## Supplied material
-.-.-

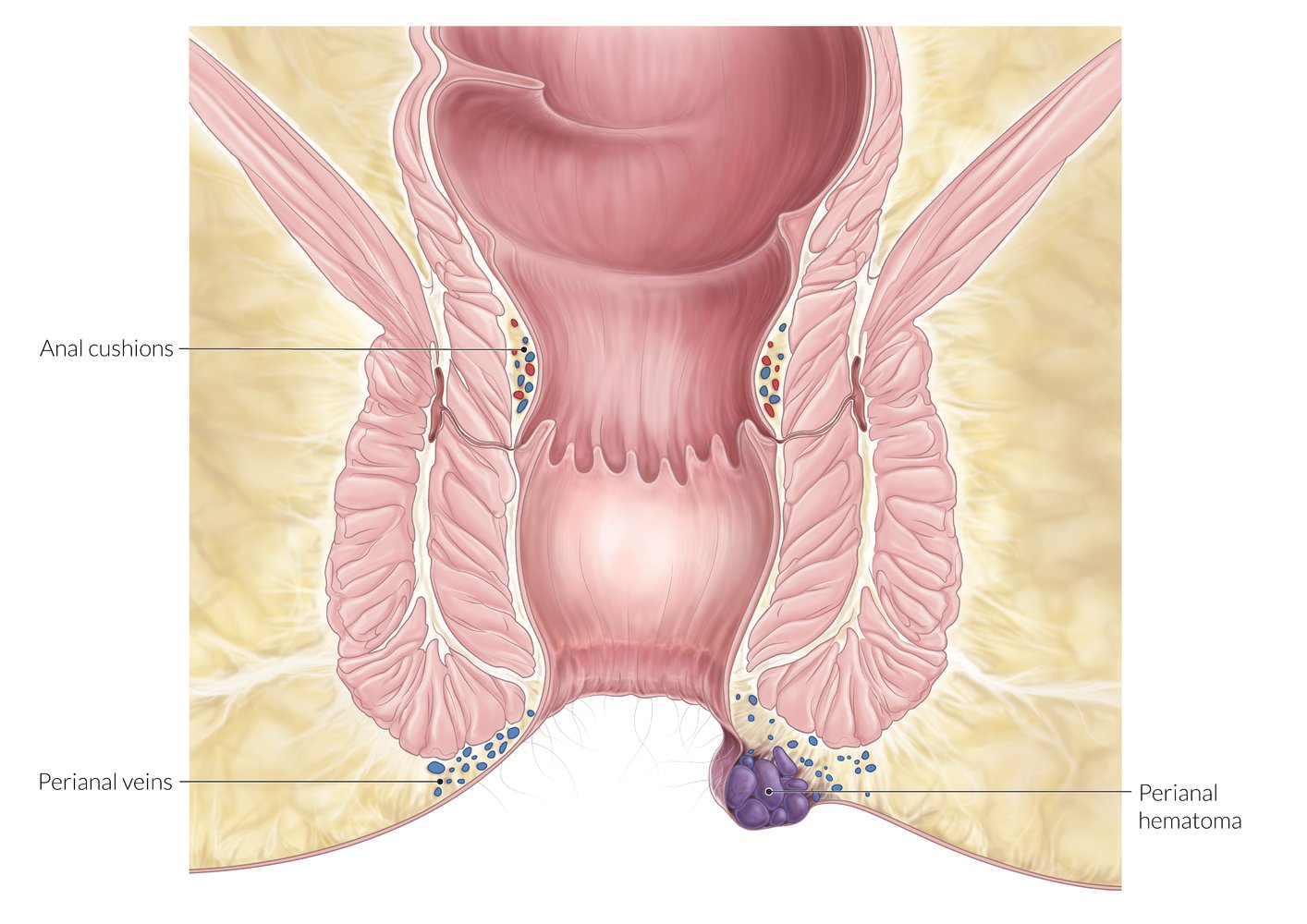 Thrombosed external hemorrhoid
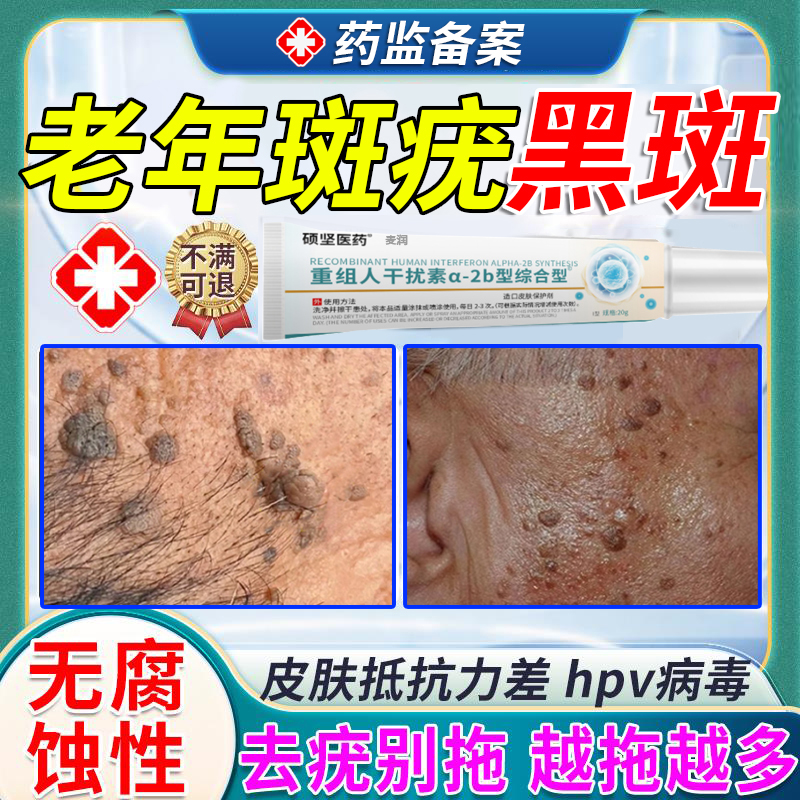 老人疣脸上扁平疣专用老年斑增厚凸起肉粒疙瘩一抹灵黑斑去除膏AY
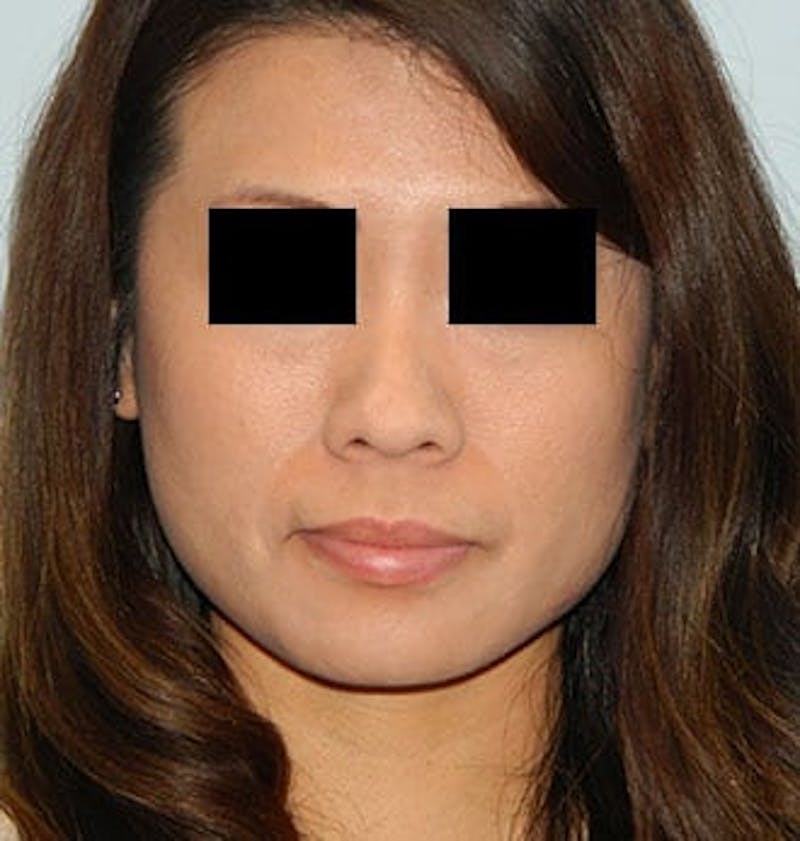 Rhinoplasty Before & After Gallery - Patient 133066703 - Image 3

-.-.-

## Instructions to follow
Apart from the pictures, the whole listing should be reproduced exactly.

## Result of this task
 Thrombosed external hemorrhoid
 老人疣脸上扁平疣专用老年斑增厚凸起肉粒疙瘩一抹灵黑斑去除膏AY
 Rhinoplasty Before & After Gallery - Patient 133066703 - Image 3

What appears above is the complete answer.